Problem description: Set the images aside and retype the whole listing exactly.

Data section:
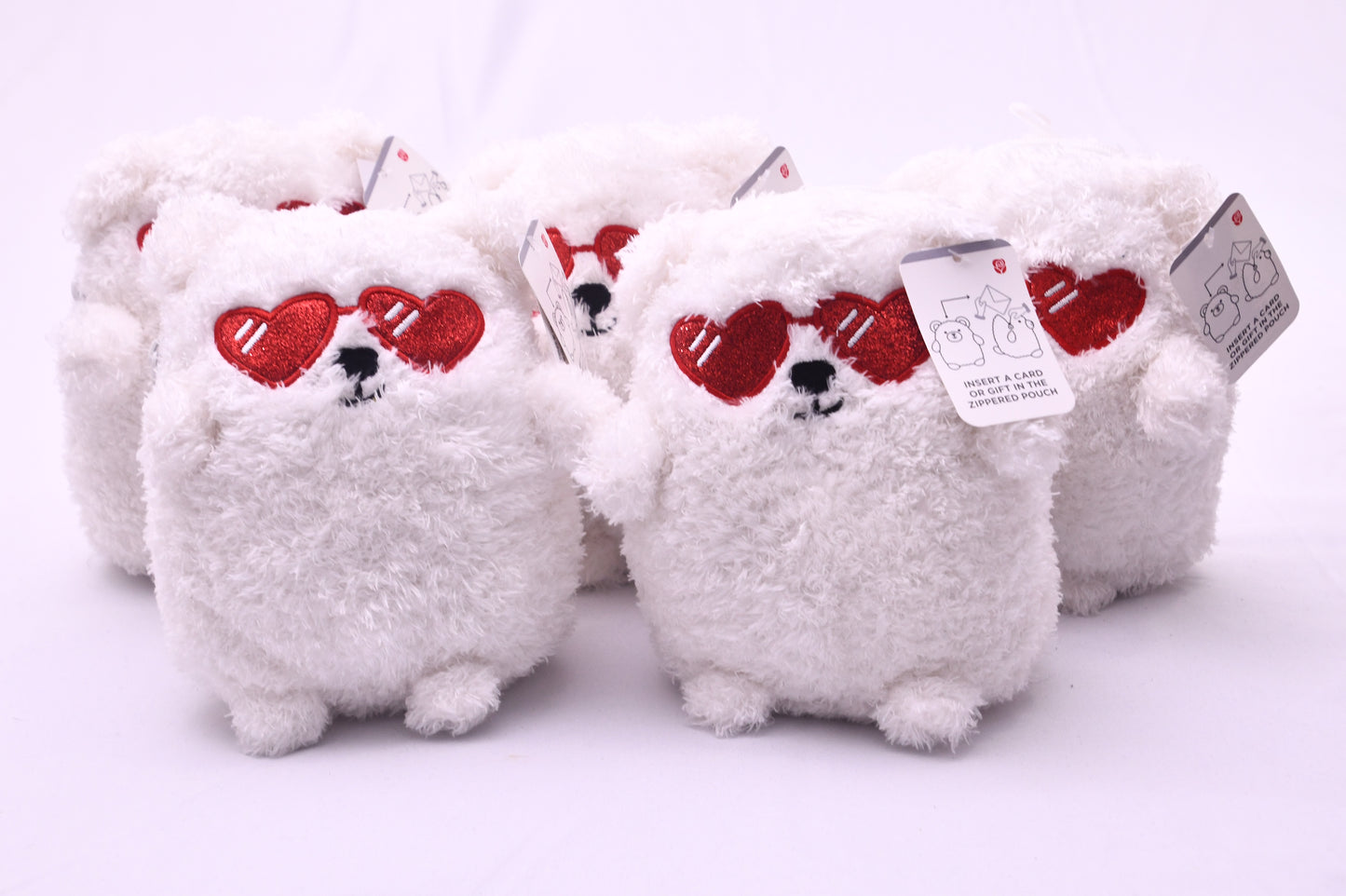 American Greetings Plush Gift Card Holder White Bear Heart Sunglasses NWT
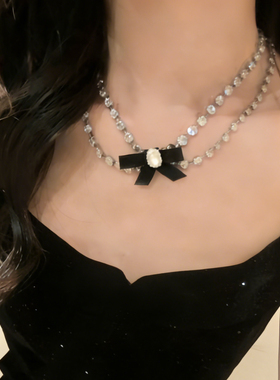 千金风气质蝴蝶结水钻项链女
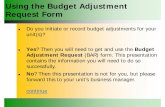 Using the Budget Adjustment Request Form—Units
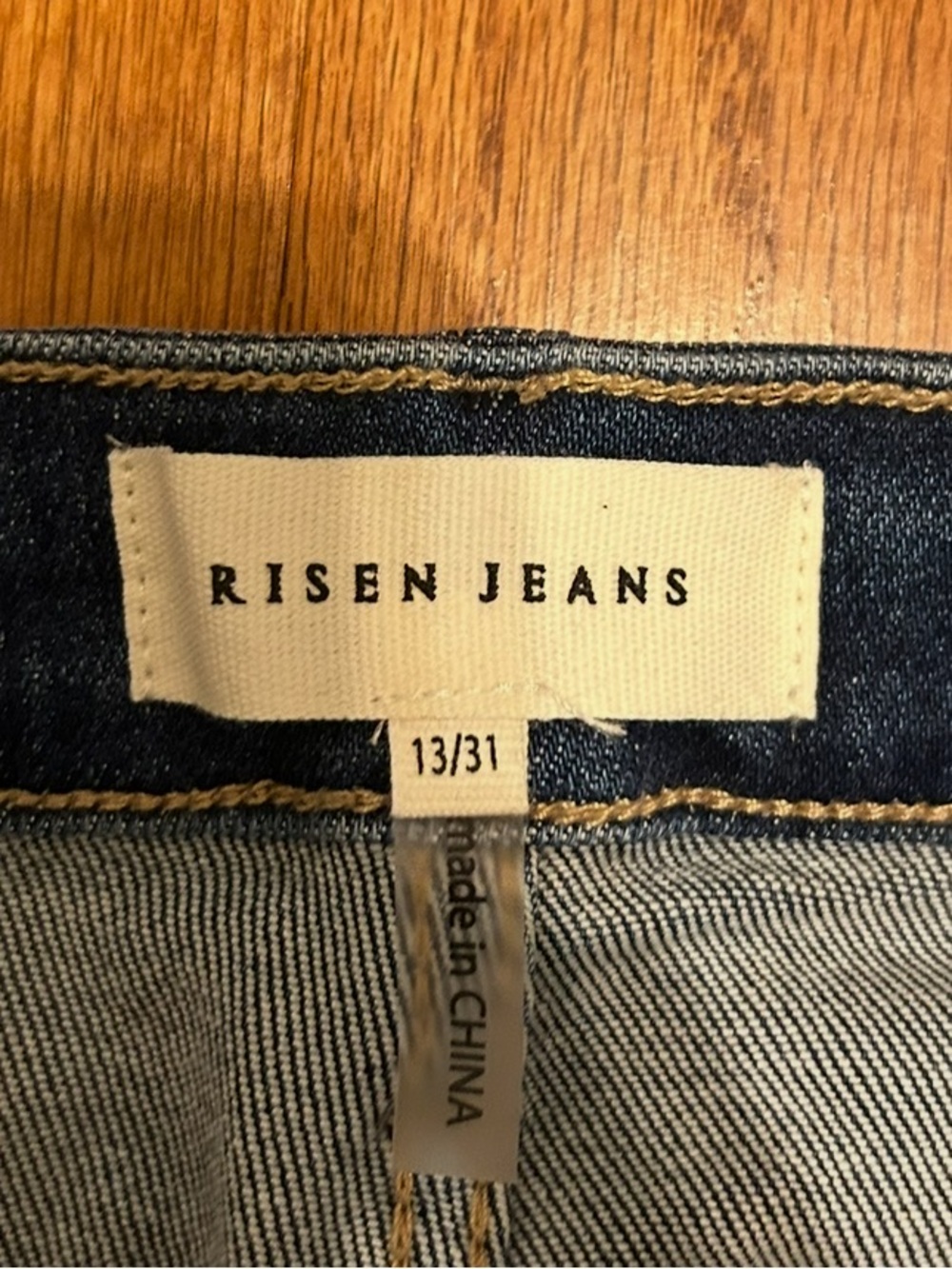 RISEN High Rise Wide Leg Crop Jeans Size 13/31 Medium Wash Raw Hem - Picture 3 of 8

Result of this task:
 American Greetings Plush Gift Card Holder White Bear Heart Sunglasses NWT
 千金风气质蝴蝶结水钻项链女
 Using the Budget Adjustment Request Form—Units
 RISEN High Rise Wide Leg Crop Jeans Size 13/31 Medium Wash Raw Hem - Picture 3 of 8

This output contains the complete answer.